> [What you should do] Your answer must be the exact lines below, starting with the line with "Apartment - 3" and going on through the line with "Tesla model S", both included, with no pictures.

> [Extracted information]
════════════════

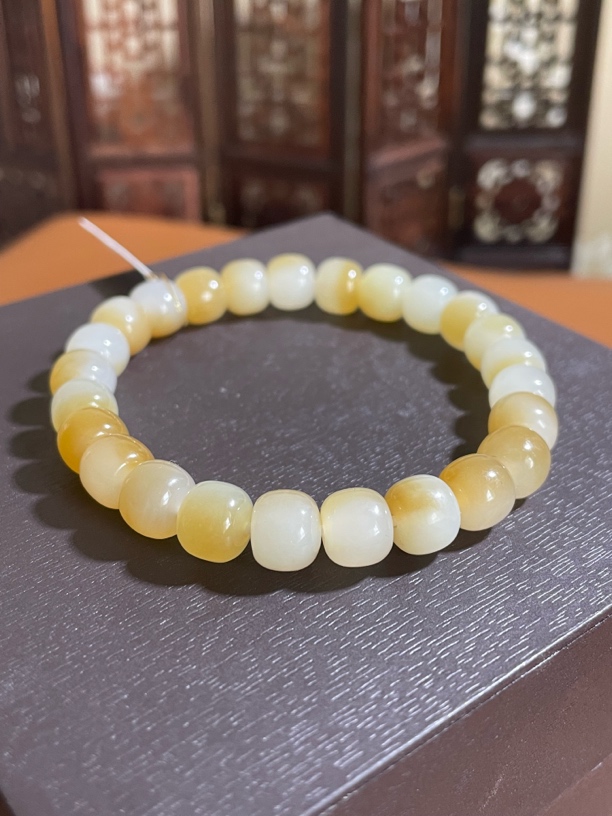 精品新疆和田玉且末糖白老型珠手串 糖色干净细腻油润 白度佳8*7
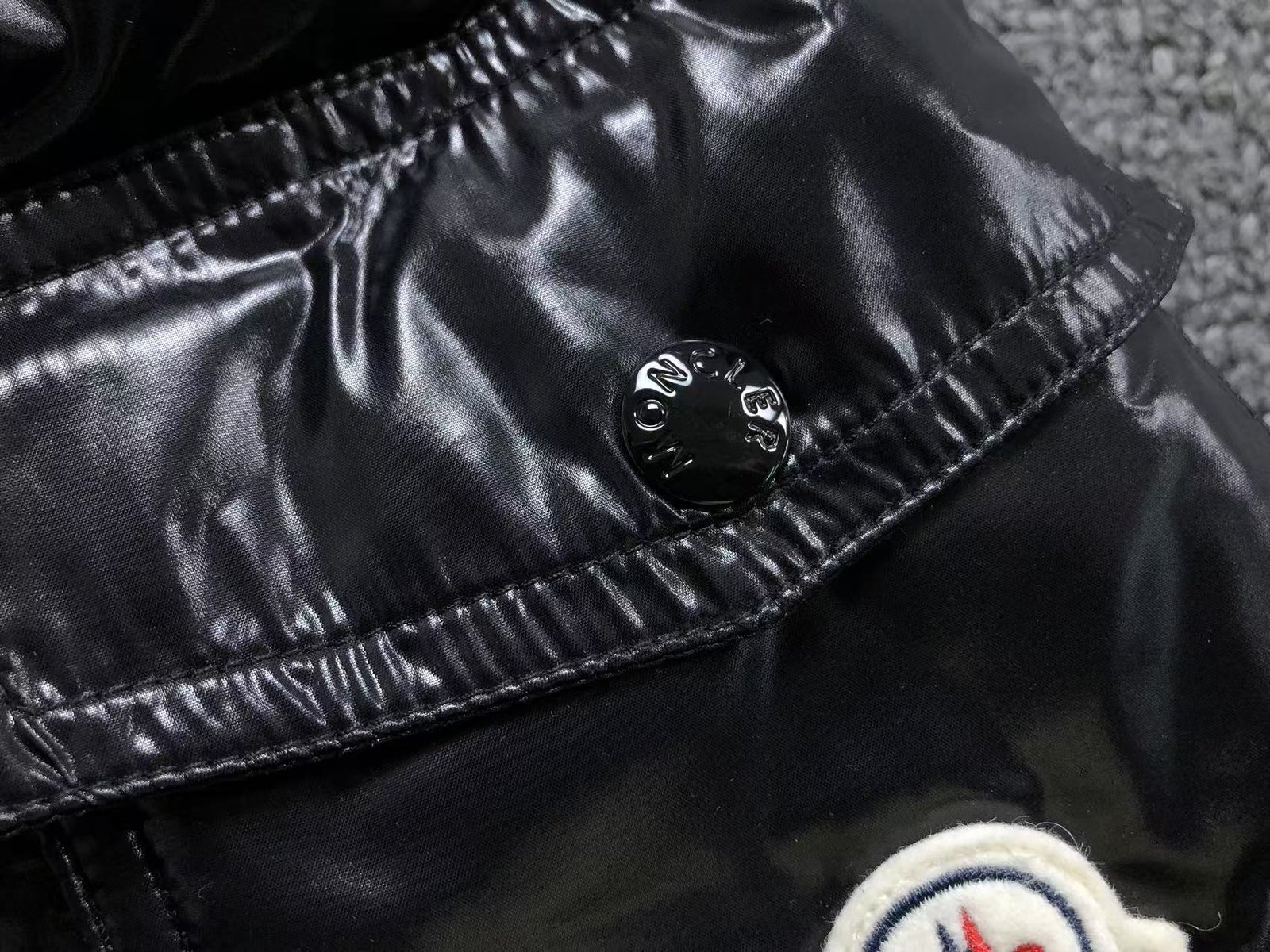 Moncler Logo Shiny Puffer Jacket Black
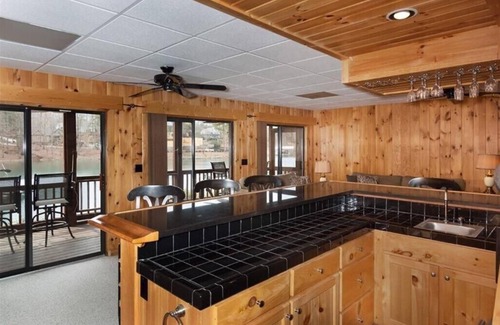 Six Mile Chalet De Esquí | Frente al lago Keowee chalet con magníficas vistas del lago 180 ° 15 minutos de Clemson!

════════════════

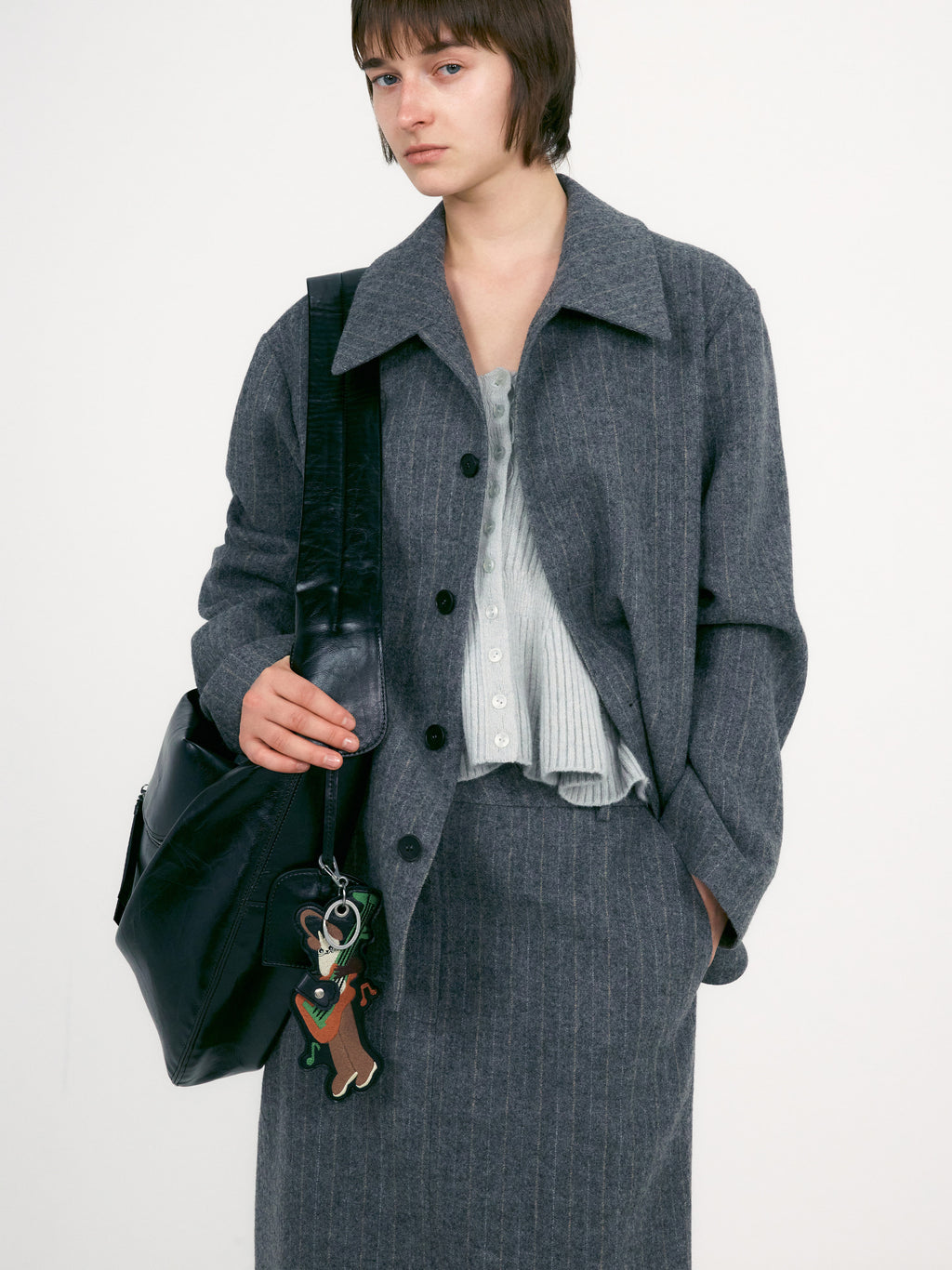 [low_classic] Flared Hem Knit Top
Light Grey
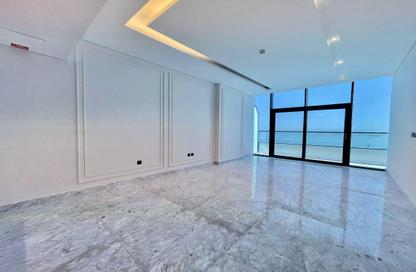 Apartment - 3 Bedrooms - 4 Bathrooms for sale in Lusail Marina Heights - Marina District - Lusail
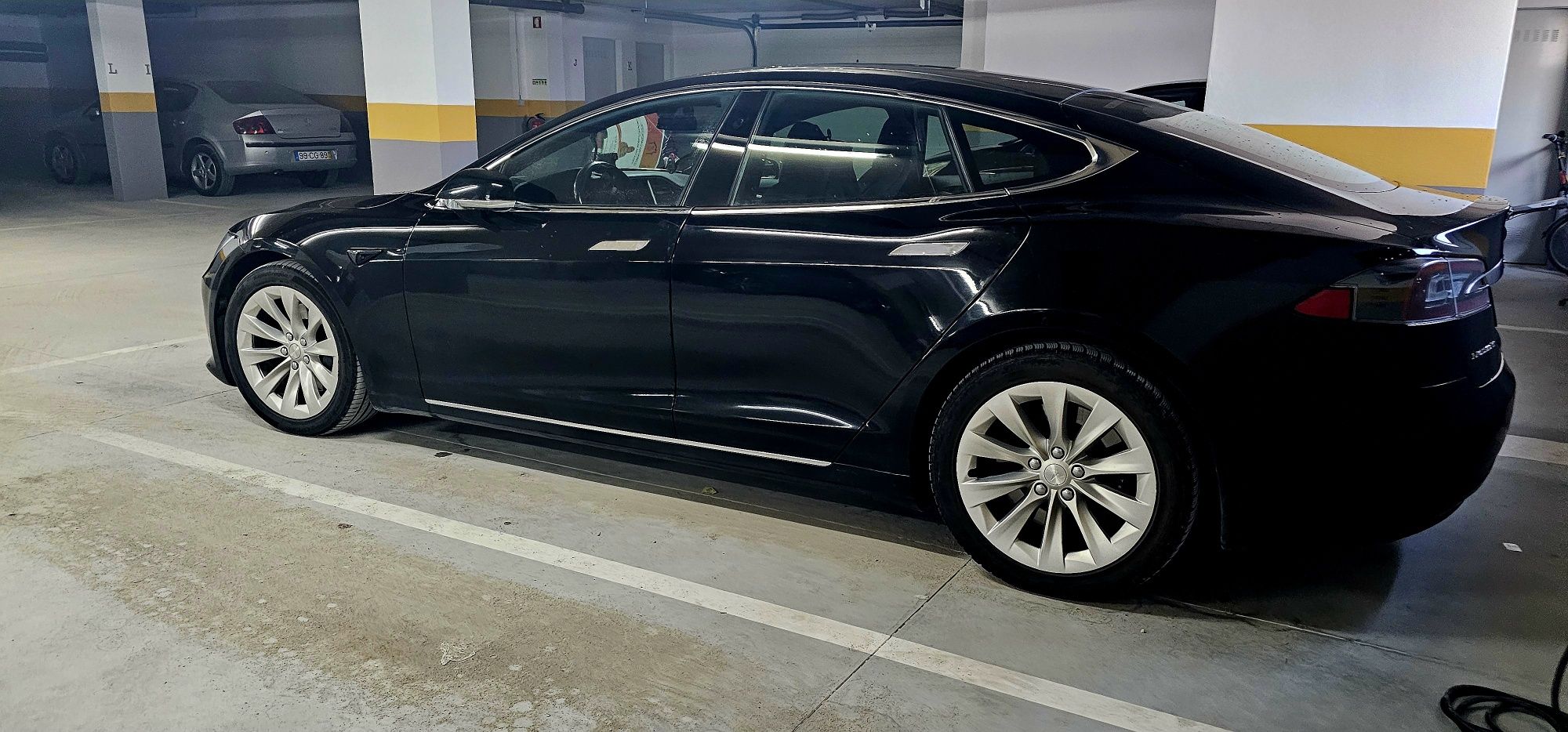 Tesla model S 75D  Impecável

════════════════

> [Solution for this problem]
 Apartment - 3 Bedrooms - 4 Bathrooms for sale in Lusail Marina Heights - Marina District - Lusail
 Tesla model S 75D  Impecável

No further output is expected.